**WORK INSTRUCTIONS:** What the task requires is an exact printout of the listing below, pictures excluded.

**PROVIDED DATA:**
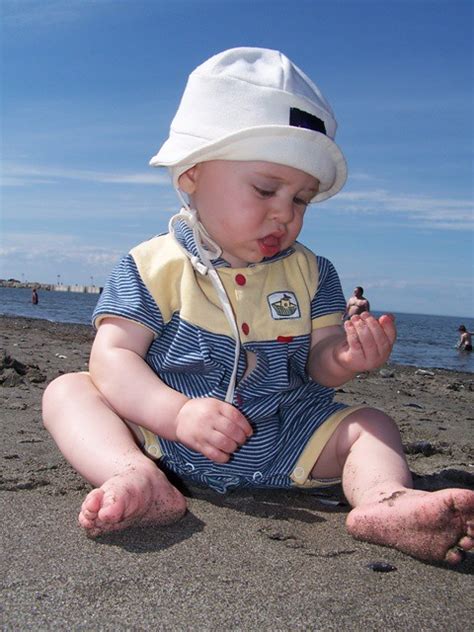 giant baby effect | it looks like the man is little | rendan | Flickr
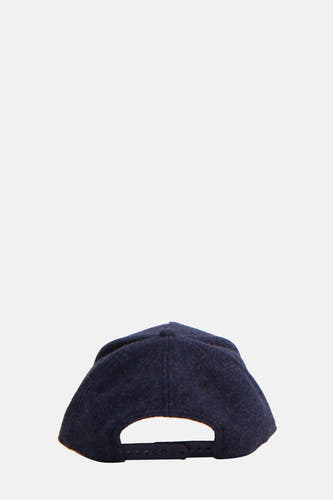 Casquette bleue de NEW ERA, vue par derrière avec une bande ajustable.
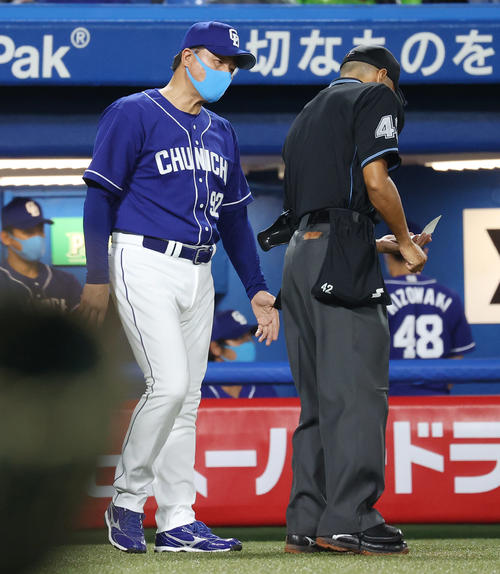 ヤクルト対中日　6回裏ヤクルト1死二塁、投手交代を告げる中日与田監督（撮影・垰建太）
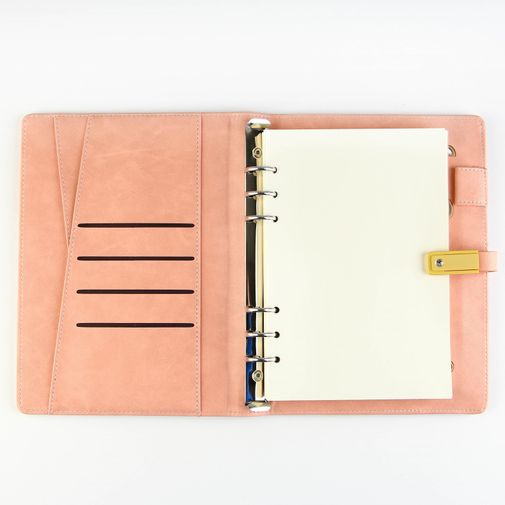 Ежедневник со встроенной зарядкой и флешкой Мечтай 8000 mAh 16Гб Ежедневник со встроенной зарядкой и флешкой Мечтай 8000 mAh 16Гб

**RESPONSE TO THE EXERCISE:**
 giant baby effect | it looks like the man is little | rendan | Flickr
 Casquette bleue de NEW ERA, vue par derrière avec une bande ajustable.
 ヤクルト対中日　6回裏ヤクルト1死二塁、投手交代を告げる中日与田監督（撮影・垰建太）
 Ежедневник со встроенной зарядкой и флешкой Мечтай 8000 mAh 16Гб Ежедневник со встроенной зарядкой и флешкой Мечтай 8000 mAh 16Гб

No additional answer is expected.